— WHAT TO WORK ON —
Output, without alteration, the first line of the entries and each line after it, stopping with the line that contains "GearTile Diamond Pattern".

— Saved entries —
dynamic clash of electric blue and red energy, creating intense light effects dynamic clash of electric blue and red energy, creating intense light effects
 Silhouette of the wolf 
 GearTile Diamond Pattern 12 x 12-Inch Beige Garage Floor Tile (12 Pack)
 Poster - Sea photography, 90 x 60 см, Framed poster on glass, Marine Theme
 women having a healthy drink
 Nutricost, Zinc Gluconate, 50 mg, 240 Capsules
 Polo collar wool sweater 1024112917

— THE ANSWER —
dynamic clash of electric blue and red energy, creating intense light effects dynamic clash of electric blue and red energy, creating intense light effects
 Silhouette of the wolf 
 GearTile Diamond Pattern 12 x 12-Inch Beige Garage Floor Tile (12 Pack)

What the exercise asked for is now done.